May 18, 2026·9 min read

CTE SQL cheat sheet

Q: Can a CTE reference itself?

Only if declared with `WITH RECURSIVE`. A non-recursive CTE can only reference previously declared siblings in the same `WITH` block. A recursive CTE has three required pieces: a base `SELECT` for the seed rows, `UNION ALL`, and a recursive `SELECT` that joins back to the CTE name. Use cases: hierarchies, graph traversal, and generating calendars or integer ranges.

Sharpen SQL for your next interview

500+ SQL problems with worked solutions — joins, window functions, CTEs.

Join the waitlist

Contents:

Why CTEs matter for analysts
Basic syntax
Chained CTEs
CTE vs subquery vs temp table
Materialization
Recursive CTEs
CTEs with window functions
Modifying CTEs
Common pitfalls
Ten interview tasks
Optimization tips
Related reading
FAQ

Why CTEs matter for analysts

CTEs (Common Table Expressions, also known as WITH clauses) turn tangled five-level subqueries into readable step-by-step code. On an analyst interview at Stripe, Airbnb, or DoorDash, the ability to rewrite a nest of subqueries into a clean CTE chain is a strong positive signal — it shows you decompose problems before you write SQL.

A CTE is a named intermediate result that lives inside one query. After the outer SELECT finishes, the CTE is gone — no throwaway tables every time you build a funnel or a cohort.

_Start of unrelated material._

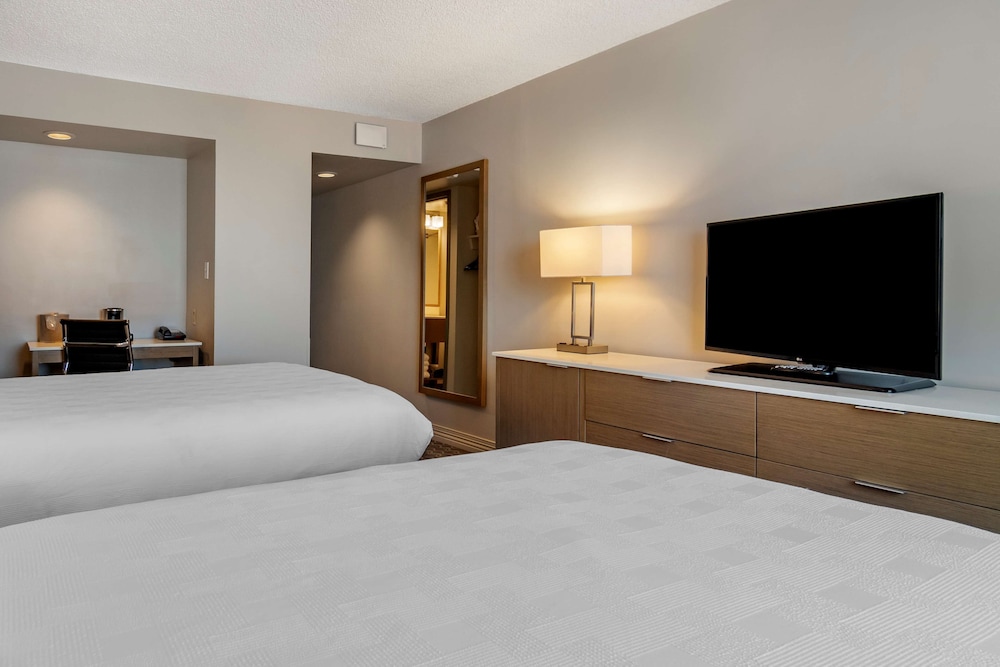 Best Western Plus Vancouver Airport Hotel 16/50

The other reason CTEs show up everywhere on interview loops is that they map onto how interviewers think. A clean question is a sequence of steps: pick active users, attach their orders, compute LTV, rank by cohort. Each step is one CTE. Reviewers and on-call engineers pick the CTE version every time.

Basic syntax

WITH cte_name AS (
    SELECT ...
    FROM ...
    WHERE ...
)
SELECT *
FROM cte_name
WHERE ...;

Everything between the parentheses after AS is a regular SELECT. After the closing paren you reference the result by name as if it were a real table. The semicolon terminates the whole statement.

Chained CTEs

You can define several CTEs separated by commas. Each subsequent CTE sees the ones declared earlier in the same WITH block.

WITH
    active_users AS (
        SELECT user_id
        FROM users
        WHERE last_active >= CURRENT_DATE - INTERVAL '7 day'
    ),
    user_orders AS (
        SELECT user_id, COUNT(*) AS orders_cnt, SUM(amount) AS revenue
        FROM orders
        WHERE user_id IN (SELECT user_id FROM active_users)
        GROUP BY user_id
    )
SELECT
    a.user_id,
    COALESCE(o.orders_cnt, 0) AS orders_cnt,
    COALESCE(o.revenue, 0) AS revenue
FROM active_users a
LEFT JOIN user_orders o USING (user_id);

Every step has a name and can be inspected on its own (swap the final SELECT for SELECT * FROM active_users to debug). That single property is why analysts at Notion, Linear, and Snowflake reach for WITH instead of nested subqueries.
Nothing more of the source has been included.